## PROBLEM REQUIREMENTS
Only those lines in the data below from the line containing "Hana - Floral" through the line containing "Newly Added Mexican", both included, should be restated word for word.

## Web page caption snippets
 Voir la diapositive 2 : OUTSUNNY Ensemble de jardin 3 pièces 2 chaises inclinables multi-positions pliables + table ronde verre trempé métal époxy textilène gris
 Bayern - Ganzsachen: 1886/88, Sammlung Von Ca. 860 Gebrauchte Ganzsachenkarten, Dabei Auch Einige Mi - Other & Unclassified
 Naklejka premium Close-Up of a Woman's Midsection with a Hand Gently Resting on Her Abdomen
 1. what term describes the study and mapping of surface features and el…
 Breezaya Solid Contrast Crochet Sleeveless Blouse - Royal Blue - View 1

...

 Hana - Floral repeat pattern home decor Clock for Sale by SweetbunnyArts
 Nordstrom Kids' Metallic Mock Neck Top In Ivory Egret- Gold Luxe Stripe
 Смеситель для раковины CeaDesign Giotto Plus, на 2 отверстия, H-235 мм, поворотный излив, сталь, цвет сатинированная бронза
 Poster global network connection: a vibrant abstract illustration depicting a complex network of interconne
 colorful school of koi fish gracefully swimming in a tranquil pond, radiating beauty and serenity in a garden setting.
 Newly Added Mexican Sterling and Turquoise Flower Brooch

## RESPONSE TO THIS EXERCISE
 Hana - Floral repeat pattern home decor Clock for Sale by SweetbunnyArts
 Nordstrom Kids' Metallic Mock Neck Top In Ivory Egret- Gold Luxe Stripe
 Смеситель для раковины CeaDesign Giotto Plus, на 2 отверстия, H-235 мм, поворотный излив, сталь, цвет сатинированная бронза
 Poster global network connection: a vibrant abstract illustration depicting a complex network of interconne
 colorful school of koi fish gracefully swimming in a tranquil pond, radiating beauty and serenity in a garden setting.
 Newly Added Mexican Sterling and Turquoise Flower Brooch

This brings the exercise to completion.